ROANOKE TIMES

                         Roanoke Times
                 Copyright (c) 1995, Landmark Communications, Inc.

DATE: WEDNESDAY, June 14, 1995                   TAG: 9506140066
SECTION: CURRENT                    PAGE: NRV-2   EDITION: NEW RIVER VALLEY 
SOURCE: PAUL DELLINGER STAFF WRITER
DATELINE: PULASKI                                LENGTH: Medium


PULASKI ALLIANCE SEEKS FREE SATURDAY PARKING

The Pulaski Business Alliance will ask the town not to enforce its two-hour parking limit along Main Street on Saturdays.

The organization of downtown merchants passed the motion without dissent at its meeting Tuesday morning.

Councilwoman Alma Holston had asked the Alliance to discuss the matter and make a recommendation that she could take back to Pulaski Town Council.

During a recent Saturday when Holston was working as a volunteer at the Fine Arts Center of the New River Valley on Main Street, she said she got a lot of complaints about the number of people whose cars were ticketed.

Paul Etzel, owner of the Renaissance Restaurant on Main, recalled how the Alliance had asked the Police Department to enforce the two-hour limit at previous meetings.

"We all got on their case and said 'You've got to enforce the law' and that's what they're doing," he said.

Parking has been a problem downtown since so many new stores have opened along Pulaski's Main Street in the past few years. It is aggravated by the fact that some store employees park on the street all day, taking space which could otherwise be used by shoppers.

On Saturdays, however, with the Old Courthouse, banks and other weekday businesses closed, parking has not been a problem and there is plenty of space for potential store customers.

The Alliance is not asking the town to change the two-hour parking limit, because the time may come when the street is crowded on Saturdays as well.
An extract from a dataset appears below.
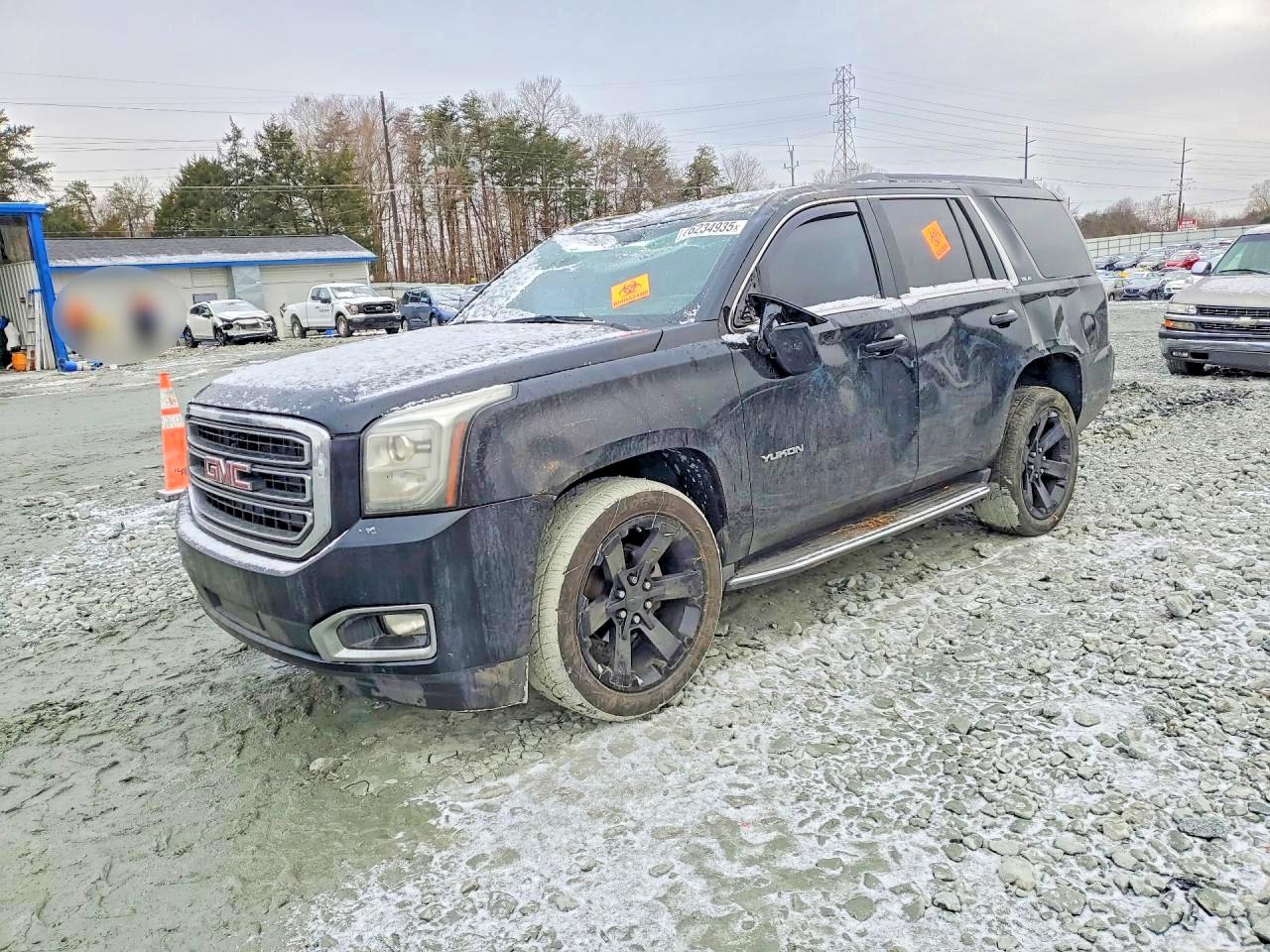 2017 GMC Yukon SLE, VIN 1GKS1AKC7HR263200 — Side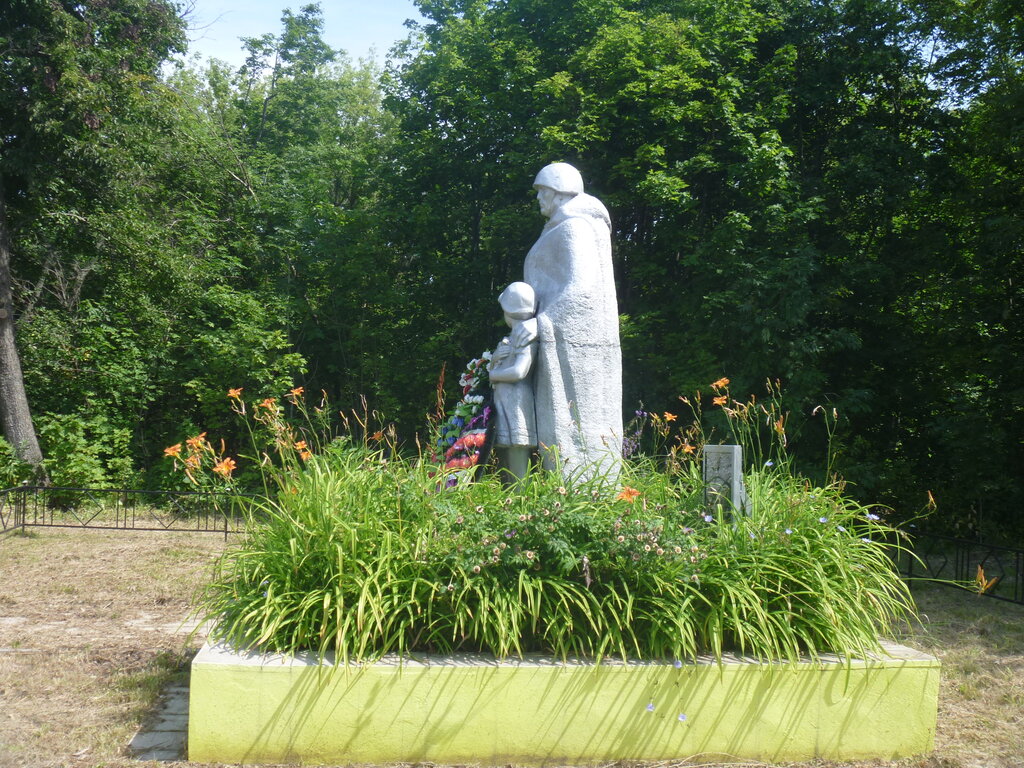 نصب تذكاري للحرب، مقبرة جماعية Братская могила воинов, погибших в 1941-1943 гг. ، مقاطعة أوريول، صورة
For now, it is asking that the parking limit not be enforced on Saturdays.

In other business, the Alliance voted to sponsor the second annual rubber duck race in Peak Creek during the Depot Day Festival June 24.

Participating merchants sell numbered rubber ducks to customers for $1 each. The ducks are to be brought to a starting point on the creek at 3 p.m. and placed in the water. The owners of the first three to cross a "finish line" at the Washington Street Bridge will collect prizes of $150, $75 and $50.

Alliance members also talked about ways to increase participation in the Fred Goad Memorial Family Market, held each Saturday morning on the Pulaski County Administration Building parking lot. Goad organized the market shortly before his death, and it has been under way since May 13. The cost of a sales space is $5 per day.

But it is early in the season for farm produce to be offered, and only a few vendors have taken advantage of the market.

"If we want this thing to go, we've got to help. We can't sit back and wait," said Marlis Ryssel-Flynn, who owns the Upstairs/Downstairs store on Main Street. She suggested recruiting people who regularly have yard sales to offer their goods at the downtown market, especially June 24 when the Depot Day Festival will guarantee crowds of potential buyers being downtown.

"It's like anything else. If it happens regularly, it'll catch on," said Pat Gooch of the Casimir Company store on Main.

The Alliance also agreed to sponsor a sidewalk sale June 24 during Depot Day for as many downtown merchants as want to participate.